# Prefinished Plywood



## themitrejoint (Mar 9, 2011)

I am ready to start my next project using pre-finished maple ply wood. I don't know what the pre finish medium is. Does anyone know what it is and will it take a water based primer and finish coat?


----------



## rhett (May 11, 2008)

I know that the Columbia purebond is an aluminum oxide based conversion varnish. Finish compatibility is a mute point since the finish is so hard. I have successfully applied Sherwin Williams waterbased kemaqua lacquer primer and color overtop with no issues. You must make sure to sand the finish enough to give the surface a nice tooth though.


----------



## Sawkerf (Dec 31, 2009)

I doubt if I would spend the extra money for prefinished ply if I were painting it. Sanding, priming, and painting unfinished ply eliminates the sanding needed to get the paint to stick, so why bother? - lol


----------



## DLCW (Feb 18, 2011)

Dido on Sawkerf's response. I would not spend the extra money on the PF ply. I would get a good quality birch or maple ply and perform the finishing operations you want. I think you will be much happier with the results.

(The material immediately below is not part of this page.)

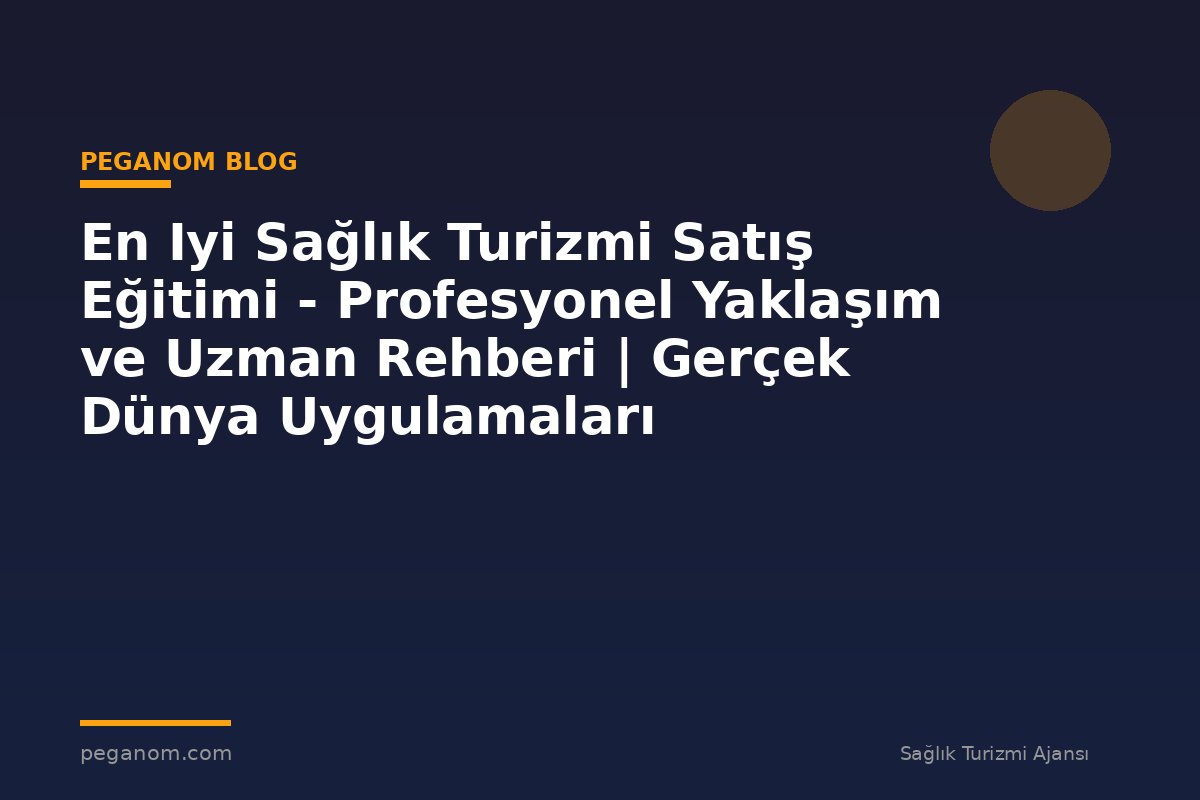 En Iyi Sağlık Turizmi Satış Eğitimi - Profesyonel Yaklaşım ve Uzman Rehberi | Gerçek Dünya Uygulamaları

I use PF American maple ply on all my cabinets boxes as the plywood itself is excellent quality and the finish is really durable. On end cabinets, the panel that is exposed is the same material as the faceframe (oak ply for oak faceframes, cherry for cherry, etc.) I prefinish these (color and conversion varnish) end panels after the CNC cuts them out then assemble them just like they were one of the PF maple ply parts.

To find out what the finish is, you will need to contact the manufacturer or the lumber yard where you got the PF ply from. They should be able to find out for you.


----------



## rhett (May 11, 2008)

When buying PF ply I pay the extra $5 a sheet for the 2S ply. On a paint grade cabinets the 2S ply keeps me from having to finish the inside and the painted surface is as smooth as glass. The time taken to stop and finish one side of a sheet is less than the cost to just buy a finished sheet, plus the painted finish is smoother than spray over raw wood. On clear coats I follow Don's method.


----------



## John1 (Aug 3, 2008)

As others have said, sand the prefinished surface well before priming. I use Zinzer BIN. You can also get prefinished one side and then you don't have any worries about going over the prefinished surface with paint, although I have done that many times with very good success.


----------



## themitrejoint (Mar 9, 2011)

First - thanks for the responses. I did some experimenting. As rhett and John suggested, I sanded the surface with 120 and got a good "tooth". I applied the finish coat without priming. Got the best result of 3 different processes, 1. primer w/ shellac, 2. primer w/o shellac, 3. finish coat, no primer.

I always apply two finish coats with light sanding between so I am saving the priming step and I don't have to finish the interior. Also, as rhett said the finish comes out glass smooth with no grain show. The quality of the finish is well worth the extra few bucks for the pre finished.

Have to agree with DLCW, the ply itself is excellent quality with a supper durable finish.

The only downside I have come across is that glue doesn't bond to the finish.


----------